●廃病院へ行く前に……
「全く、天魔が出るかもしれん心霊スポットにのこのこ出かけるとは安全管理がなっとらん!」
戸上良助が駆け込んだ交番の中……ここでかの少年は、美具 フランカー 29世(
jb3882)に説教されていた。戸上は床の上で正座し、反省の意を示している。
「うう……すいません」
見た目同い年の少女に正座させられ説教され、情けないやら恥ずかしいやらで戸上は顔を俯ける。
「……少々よいか?」
それを見かねたのか、雪風 時雨(
jb1445)が助け舟を出す。
「写真を撮ったと言うたな? 見せてもらってもよかろうか」
「は、はい」
戸上は自分のスマホを渡し、時雨は写真を見た。手ブレが酷いが、何とか顔のような物が写っているのがわかる。……その映像に映る顔は、ただの汚れにしては妙に生々しい気がした。
「他に鉄パイプの血も調査済みかな?」
これは警察に向けた言葉である。警官は「鑑識結果が出るまで最低でも半日はかかるでしょう」と答えた。
「そうか、至急頼む」
「――で、だ。良介殿」
美具が厳しい目で、戸上に真剣な表情を向ける。
「先の話を踏まえた上で聞くのじゃ。『来る』か? 『来ない』か?」
「……お、俺は」
戸上は言葉を詰まらせながら言う。
「もし天魔の仕業だったなら俺は何も出来ないです。邪魔になるだけなら……行きません」
戸上は再び床に座り、地に頭をつける。
「あいつらの事、頼みます!」
「――顔を上げて下さい」
鈴代 征治(
ja1305)が戸上に手を差し伸べた。
「相手が幽霊だけならまだしも、天魔だったらその場で危険なのでもう肝試しは止めて下さいね……約束してくれるなら、僕達も真相解明と、二人を助けると約束します」
「……美具も、約束しよう。全力で二人を助けるのじゃ」
美具は少しだけ戸上の事を見直していた。彼女は戸上のことを、もっと軽薄な若者だと考えていたのだ。

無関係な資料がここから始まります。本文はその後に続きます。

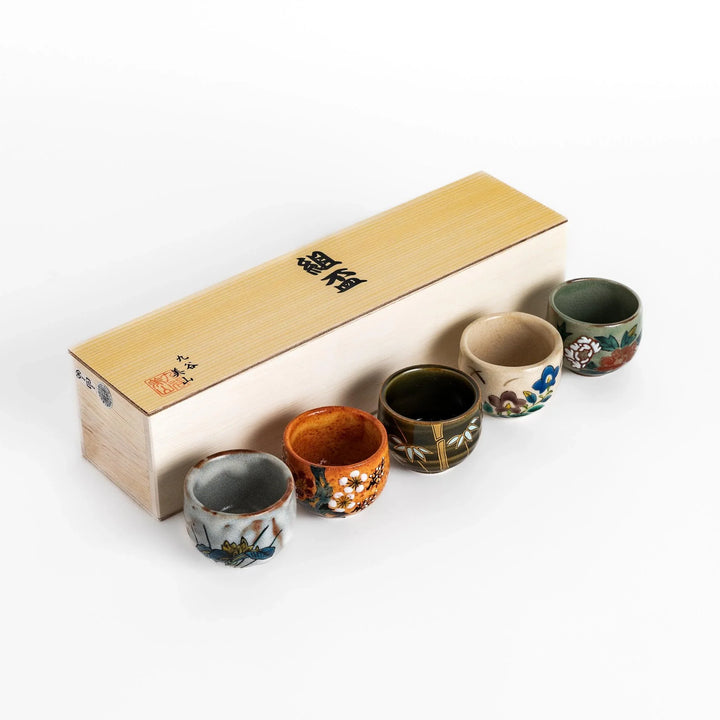 Set of five Sake Cups featuring seasonal blossom designs, perfect for enjoying your favorite sake.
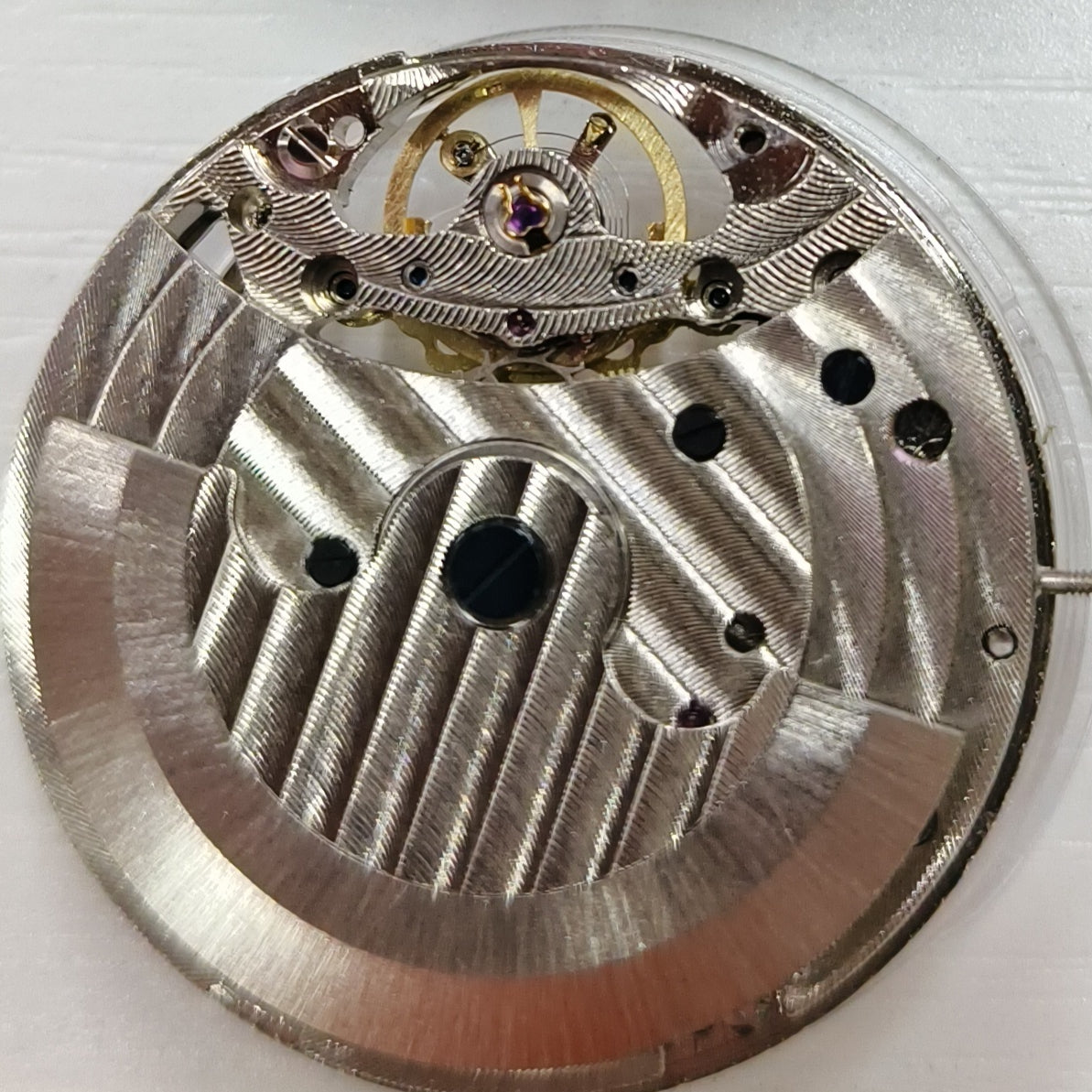 Silver hollow mechanical watch accessory with big flywheel and moonphase at 12, China-made craftsmanship.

戸上は立ち上がり、もう一度撃退士達に向かって頭を下げた。
――準備を終えた撃退士達は廃病院に向かって出発した。
●廃病院 病室組
通路の暗闇を光が切り裂く。懐中電灯やLEDランタン、フラッシュライト等、各自の持ち寄った照明器具の光だ。
先頭を歩くのは鳳 静矢(
ja3856)。静矢は片手に大太刀、もう片手で懐中電灯を持ち、油断なく廊下を歩いていく。
静矢は前方を見据えながら、敵について思案する。
(のっぺらぼうは……人だろう。悪戯か、操られているか、どちらにせよ恐らく天魔は一体のみ)
――コツ、コツと足音が反射する。
会話をする者はいない。
静矢と並んで先頭を歩く征治は、時おり壁に照明を近づけ、怪しいものがないか調べている。二人は203号室を通り過ぎた。
その後ろを氷雨 玲亜(
ja7293)、アイリス・レイバルド(
jb1510)が並んで続く。
(幻覚系のスキルを使う敵がいるんじゃないかしら)
そう考える玲亜は、それに対抗できるよう準備を整えて廃病院に潜入していた。
一方アイリスはというと、無表情ながらも実はこの状況を楽しんでいる。後ろから周囲を警戒――という名の観察をしながら進んでいる。廊下の隅に転がる塵芥でさえも、じっくりと眺めてから足を進める。
そして――最後尾。皆から少し離れたところをユリア(
jb2624)が歩く。
ユリアもまた玲亜と同じく幻惑系の敵を想定していた。彼女は仲間が幻惑された時に備え、後方から警戒していた。
――それにしても、臭う。
一行が通路を進む度、酸っぱい臭いと生ものが腐ったような臭いが鼻をついた。強烈な刺激臭に征治は空いた手で鼻を覆う。
そして――問題の場所まで来た。
――壁は、なかった。
「何もないだと?」
静矢はライトを表札に向ける。そこは確かに207号室だった。
「……実は僕ら、もう幻覚にかかっていたりして」
ぼそりと征治が言い、周囲にぴり、と緊張が走る。
「それはないよ」
と、アイリス。彼女は独特な中性的口調で断言した。
「実は、君達にはさっき聖なる刻印をかけたんだ。私達が集団で幻覚にかかっていたとしても、君達には真実が見えているはずだよ」
「……アイリスさん、生命探知の結果ではどうなの?」
現状を分析しようと、玲亜がアイリスにそう聞いた。
アイリスは生命探知を試みて、あらかじめ記憶していた病院の案内図を頭の中で照らし合わせる。
「……215号室に、反応が三つあるようだよ」
「まずは何があるのかを調べないとだよね。あたしが様子を見てくるよ!」
そう言って暗闇を駆けていくユリア。彼女はハイドアンドシークで闇夜に紛れ、灯りもつけずに先行する。
「――皆、早く来て!」
と、すぐにユリアの叫び声が聞こえ、一同は廊下を走る。
――215号室の中には。
人と犬の、たくさんの亡骸があった。
「……あ、ああ……」
――否、亡骸の中から呻き声が聞こえた。どうやら生きている者もいるらしい。アイリスの生命探知に引っかかったのは彼らだった。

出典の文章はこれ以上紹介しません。